• Exercise data:
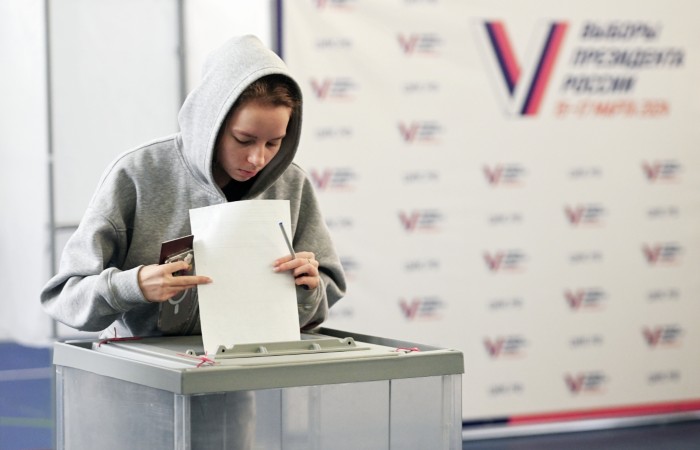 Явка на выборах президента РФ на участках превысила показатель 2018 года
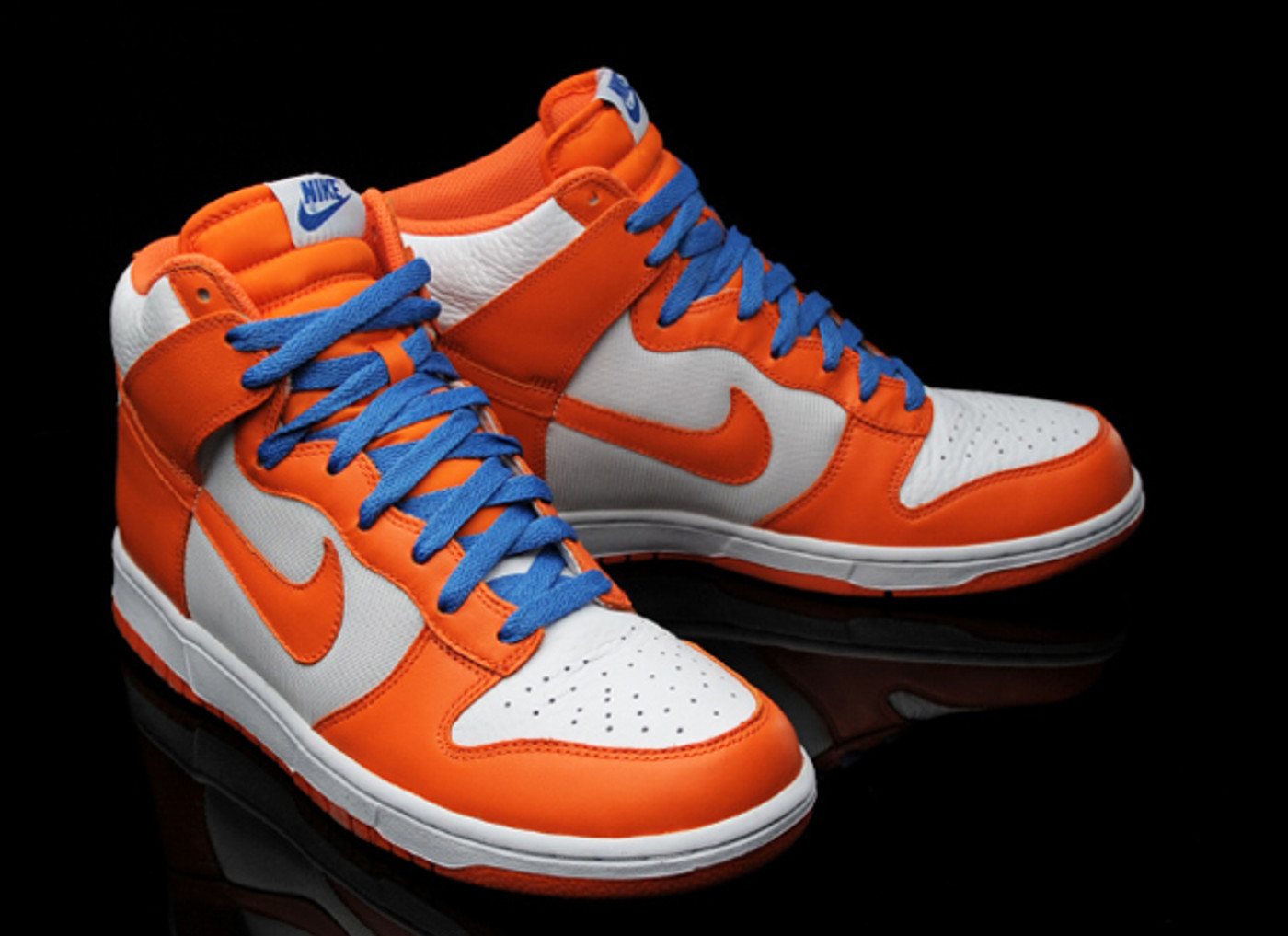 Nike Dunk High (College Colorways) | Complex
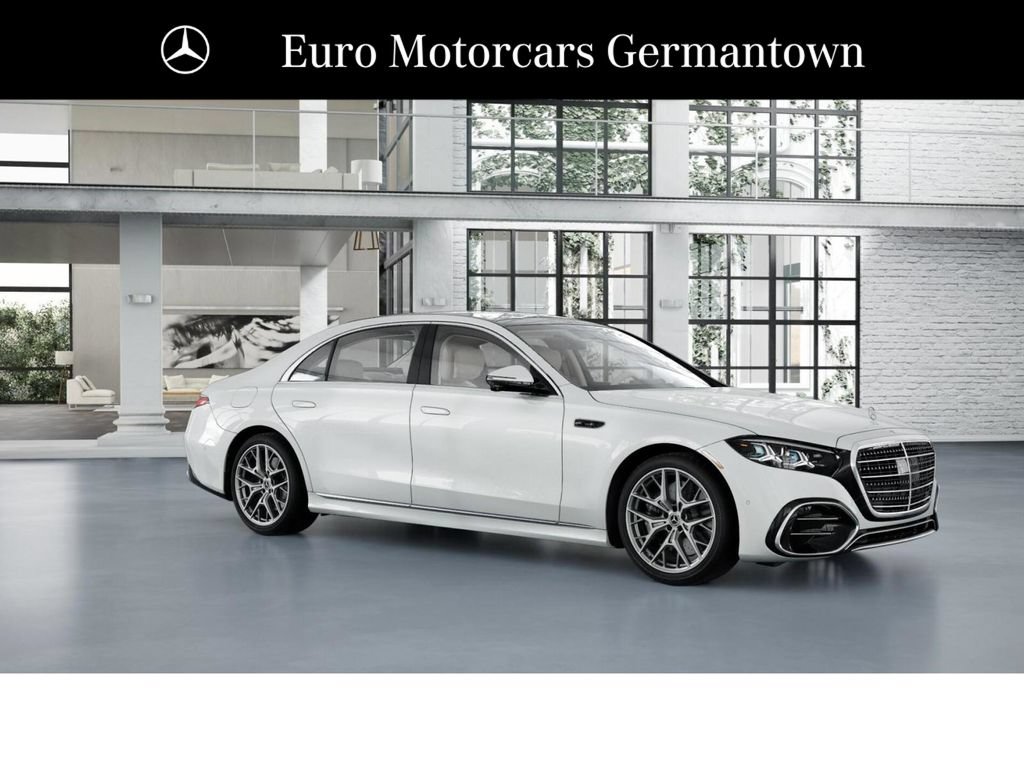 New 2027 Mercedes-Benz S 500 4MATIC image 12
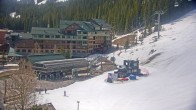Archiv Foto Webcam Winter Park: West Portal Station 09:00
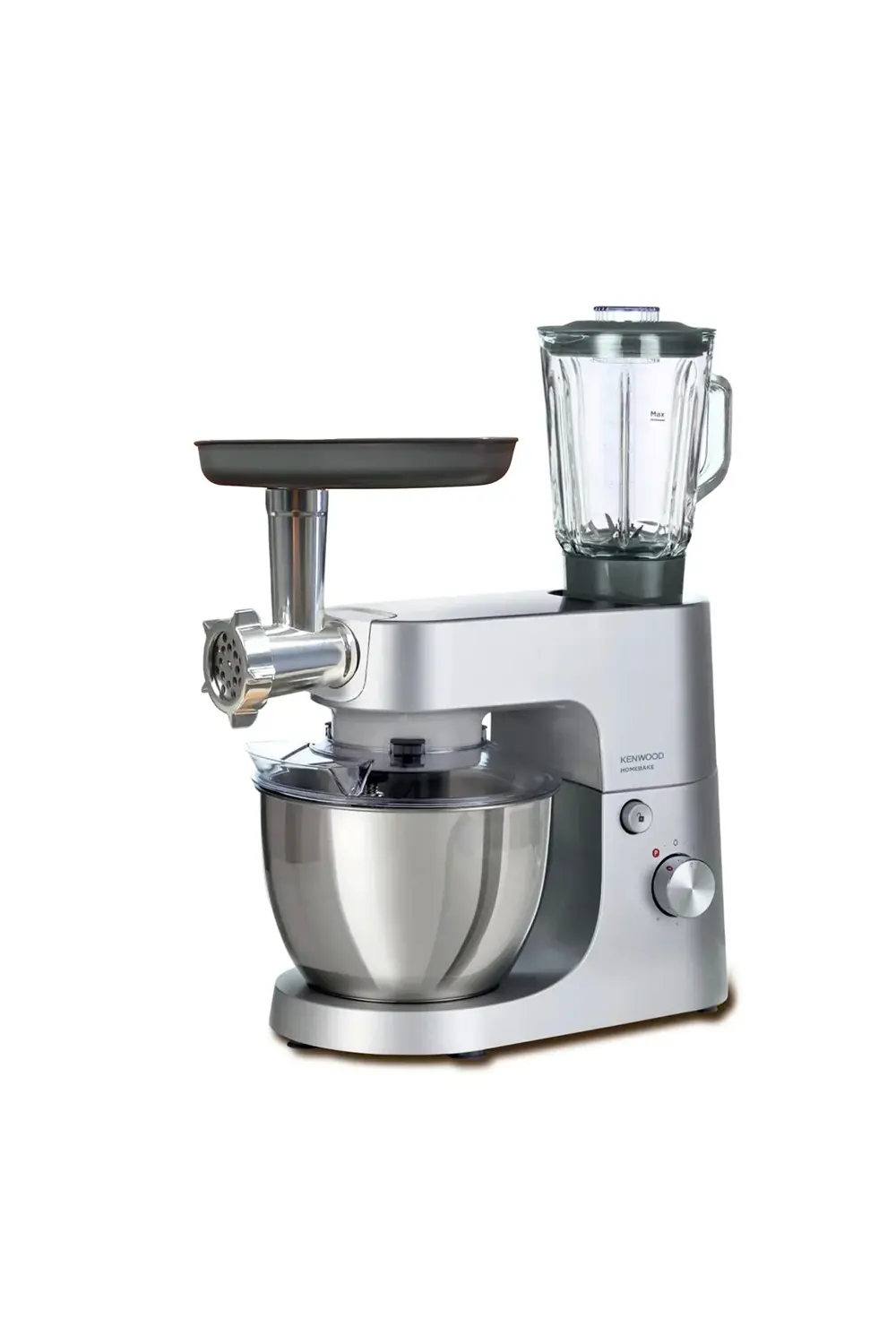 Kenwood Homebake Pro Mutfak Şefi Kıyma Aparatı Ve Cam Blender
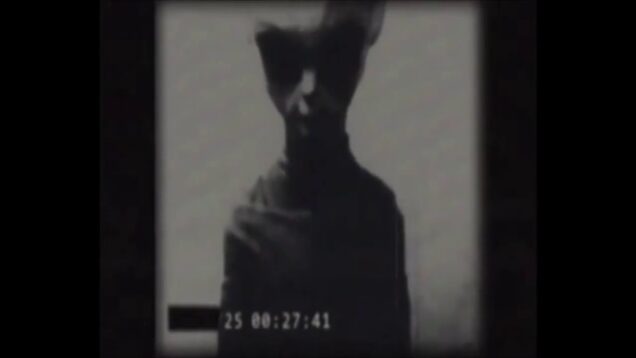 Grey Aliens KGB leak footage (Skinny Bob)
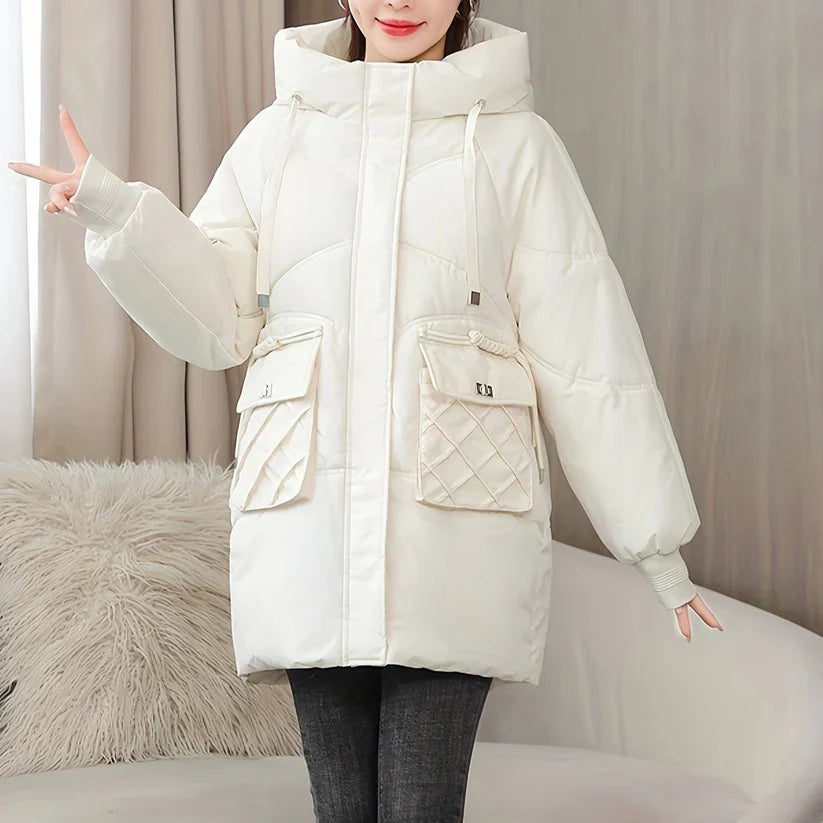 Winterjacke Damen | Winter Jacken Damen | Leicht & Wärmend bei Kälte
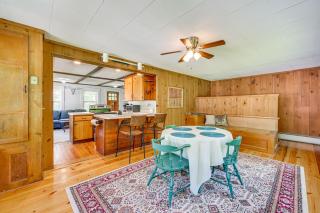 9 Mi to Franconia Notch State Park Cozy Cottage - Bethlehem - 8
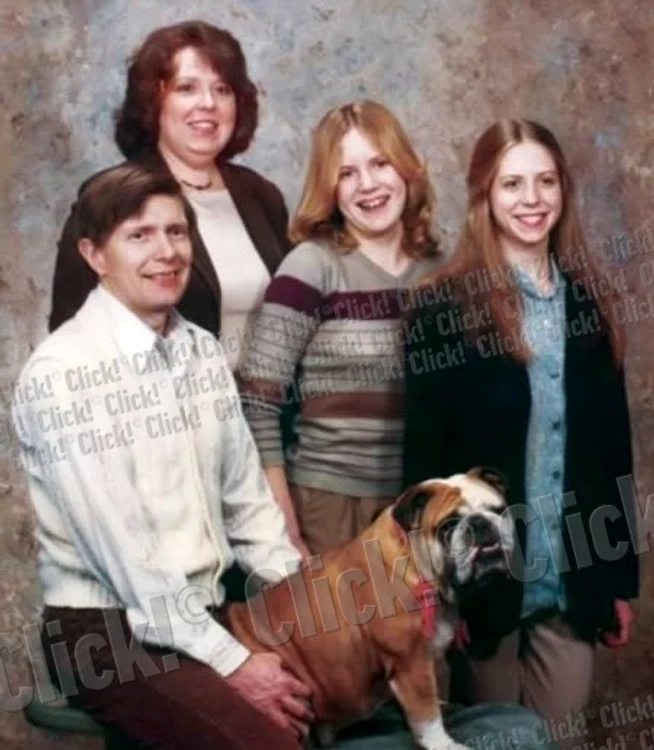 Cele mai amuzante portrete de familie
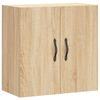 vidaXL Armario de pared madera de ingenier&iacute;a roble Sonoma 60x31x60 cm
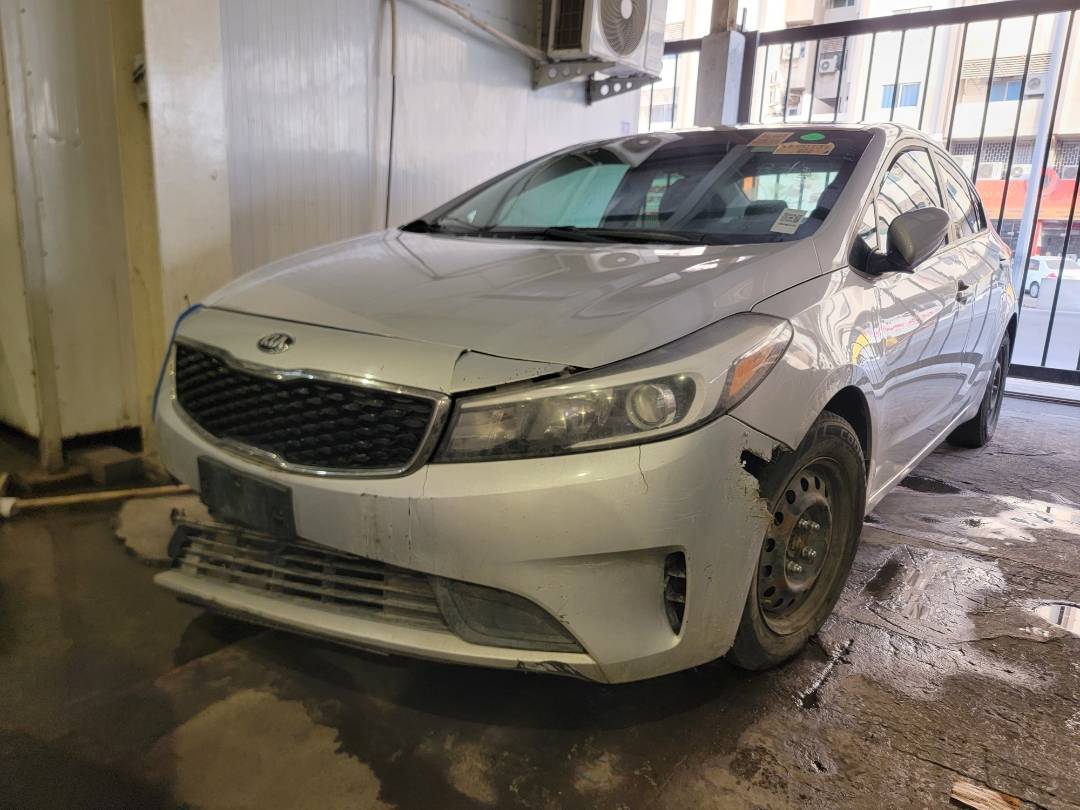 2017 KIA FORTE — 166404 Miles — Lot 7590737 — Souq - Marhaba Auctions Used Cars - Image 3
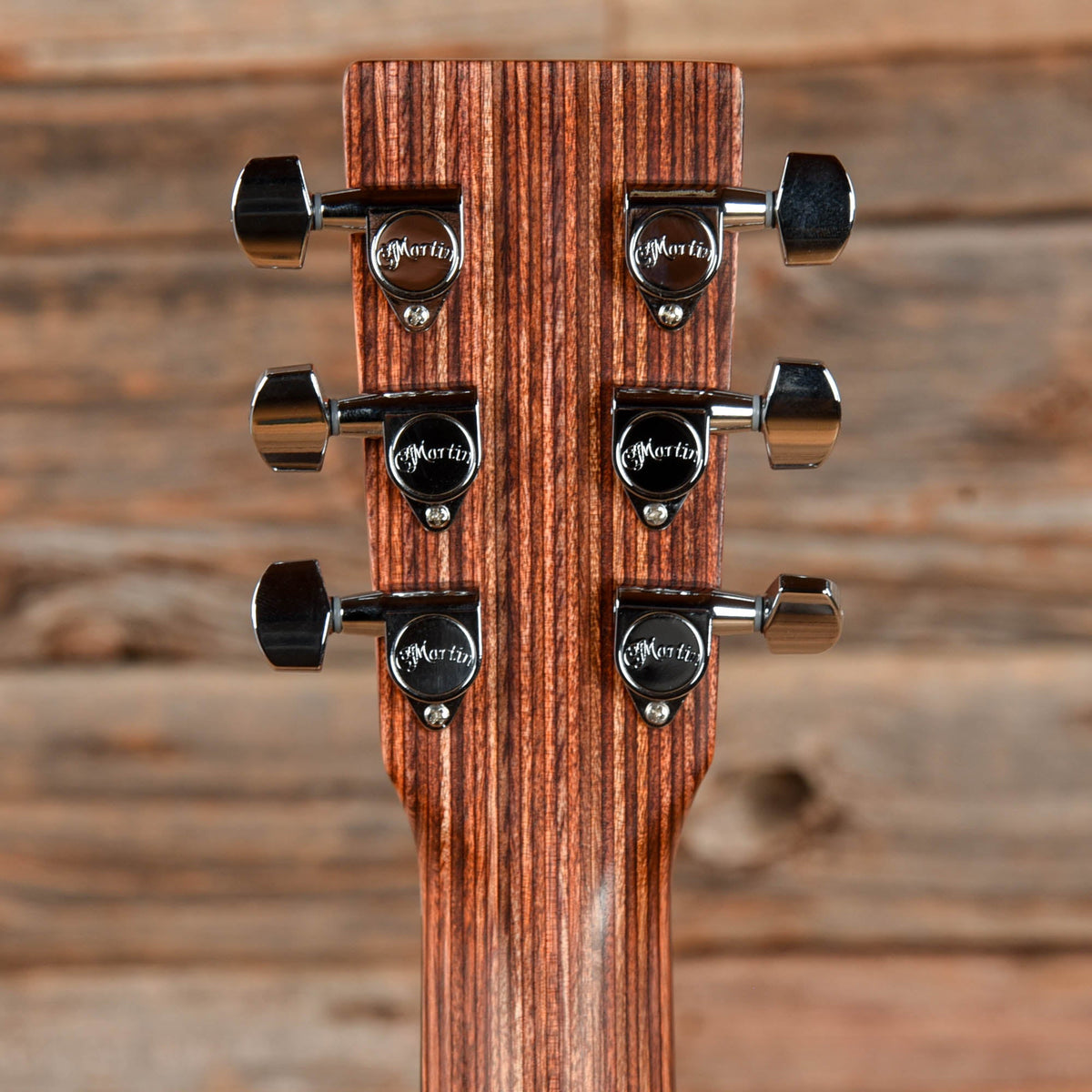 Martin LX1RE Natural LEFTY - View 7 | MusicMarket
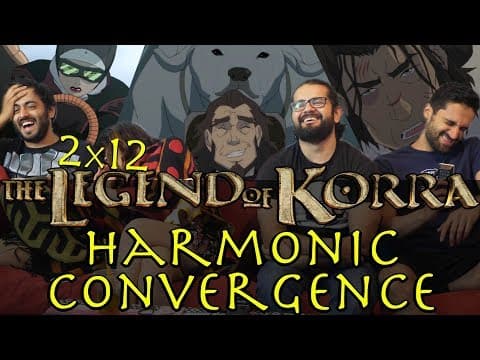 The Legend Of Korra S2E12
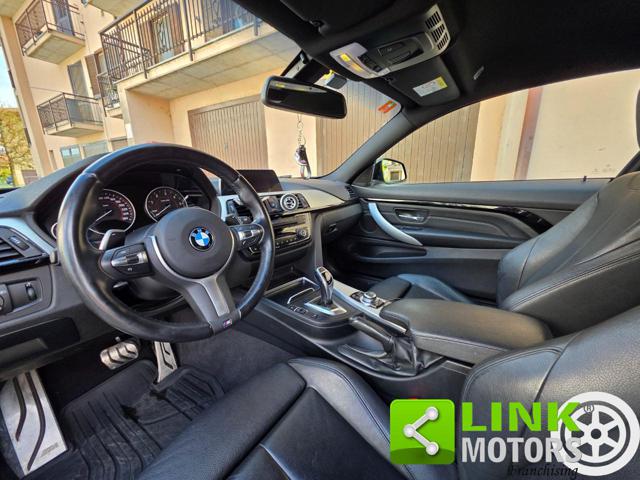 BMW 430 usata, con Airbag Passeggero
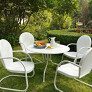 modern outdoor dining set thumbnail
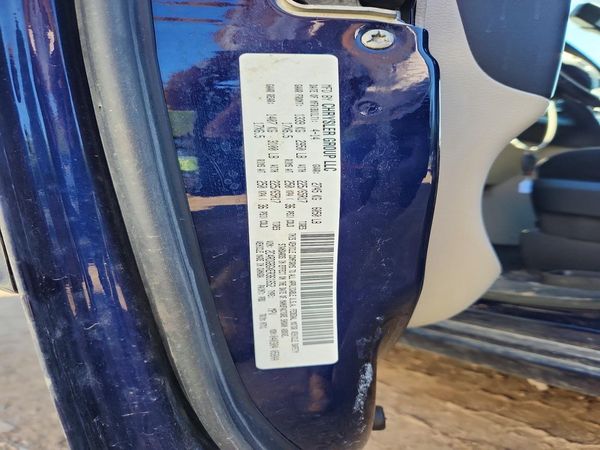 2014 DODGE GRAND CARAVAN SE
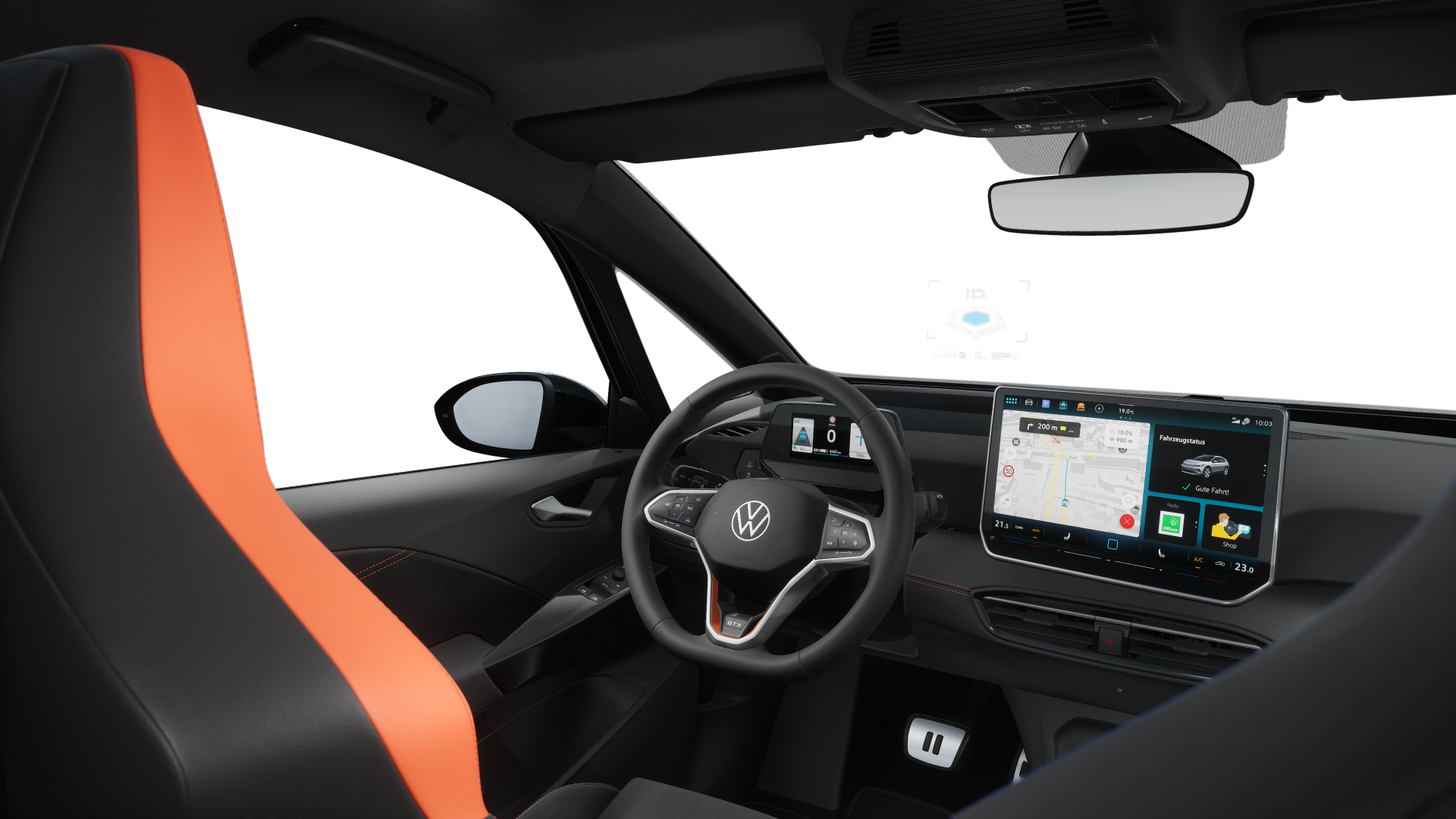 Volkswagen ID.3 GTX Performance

• How to complete this task: Lines starting at the one with "The Legend Of Korra S2E12" and ending at the last line of the entries above must be restated word for word, with pictures omitted.

• Expected answer:
 The Legend Of Korra S2E12
 BMW 430 usata, con Airbag Passeggero
 modern outdoor dining set thumbnail
 2014 DODGE GRAND CARAVAN SE
 Volkswagen ID.3 GTX Performance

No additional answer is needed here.